[Start of Attachment]

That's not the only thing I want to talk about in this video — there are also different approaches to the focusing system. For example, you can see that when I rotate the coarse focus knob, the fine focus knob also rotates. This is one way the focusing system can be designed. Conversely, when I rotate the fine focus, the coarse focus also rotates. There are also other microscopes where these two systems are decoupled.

[End of Attachment]
[Start of Attachment]

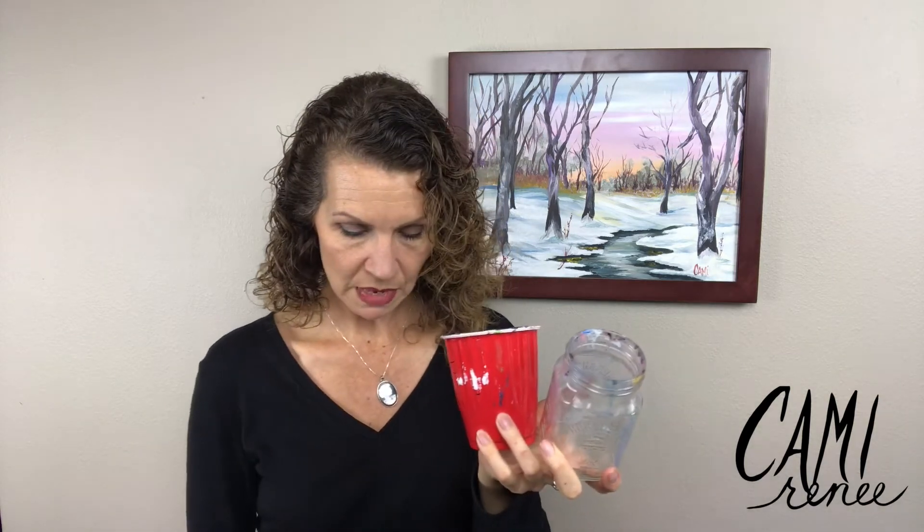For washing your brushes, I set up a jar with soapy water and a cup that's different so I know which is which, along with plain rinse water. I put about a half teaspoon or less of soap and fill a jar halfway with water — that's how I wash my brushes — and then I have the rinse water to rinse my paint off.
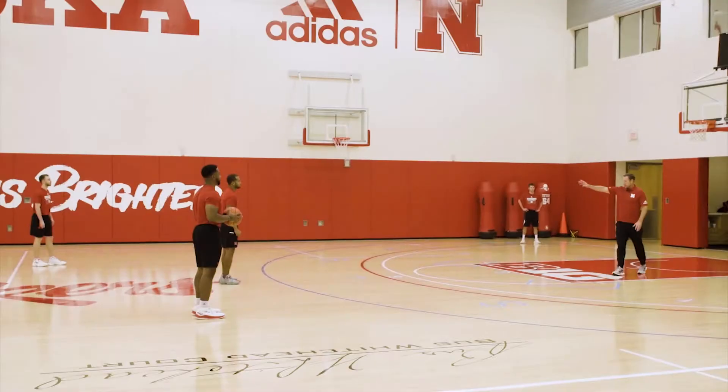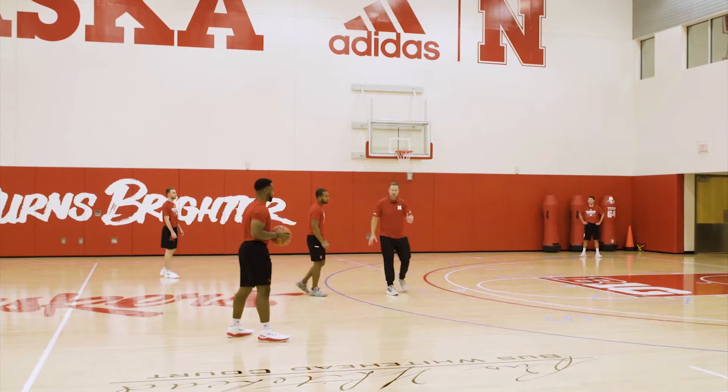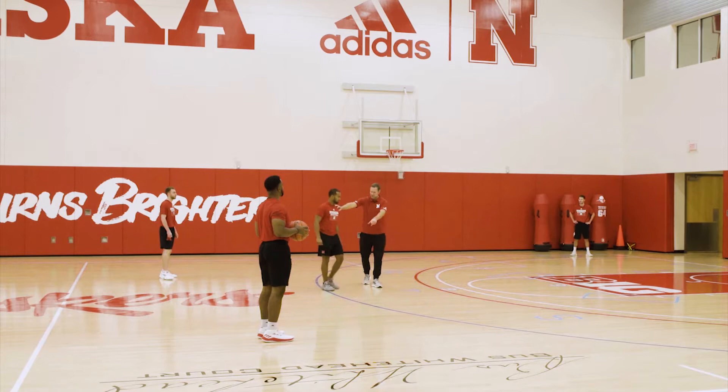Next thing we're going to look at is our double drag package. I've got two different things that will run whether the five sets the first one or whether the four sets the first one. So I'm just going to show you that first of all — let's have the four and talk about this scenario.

[End of Attachment]

What needs to be done: Beginning with the line holding "For washing your" in the material above, restate word for word each line through the line holding "Next thing we're", and exclude pictures.

Result of this task:
For washing your brushes, I set up a jar with soapy water and a cup that's different so I know which is which, along with plain rinse water. I put about a half teaspoon or less of soap and fill a jar halfway with water — that's how I wash my brushes — and then I have the rinse water to rinse my paint off.
Next thing we're going to look at is our double drag package. I've got two different things that will run whether the five sets the first one or whether the four sets the first one. So I'm just going to show you that first of all — let's have the four and talk about this scenario.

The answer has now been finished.